The ashtray on the balcony is not a romantic object. That is precisely its dignity. It does not ask to be admired. It merely remains, catching rain, ash, a little stale tobacco, perhaps the bent filter of a cigarette finished more for company than for pleasure. By morning it has become what certain domestic things become when no one is performing around them: truthful.
Night always leaves a residue. Most of modern life is arranged to conceal that fact. The glass is whisked away, the table wiped too quickly, the room perfumed, the message softened, the face restored by electric light and cosmetic alibi. But the balcony keeps poorer books. The ashtray receives what could not be persuaded into elegance. It sits there in the grey air like a minor accountant of appetite, boredom, hesitation, and the small desire to remain outside a little longer.

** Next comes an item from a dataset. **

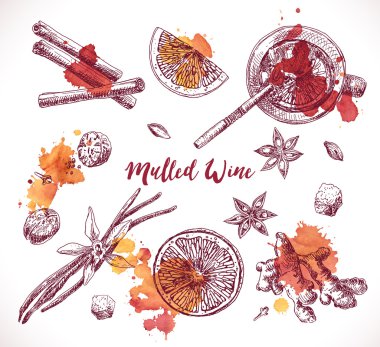 Mulled şarap ayarla, çizilmiş malzemeyi teslim. Aroma madde yemek.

What I like is not smoking itself, which is mostly a shabby pact between nerves and ritual. What I like is the object's refusal to flatter the story afterward. In daylight the performance collapses. The ember is gone. The glamour, such as it was, has leaked out into the weather. What remains is a glass dish with a little soot in it and a city beginning again whether one deserves it or not.
This is why the ashtray belongs to the same moral family as the unmade coffee cup, the folded newspaper left on a chair, the plate with two olive stones on it, the coat still on the back of the dining-room chair. Such things are rarely beautiful in the vulgar sense. They are legible. They show that a life passed through here and did not entirely sand away its edges for the camera.
Leave the ashtray there a little longer, then. Let the morning see it. Let the balcony hold the last word of the night before the house resumes its manners.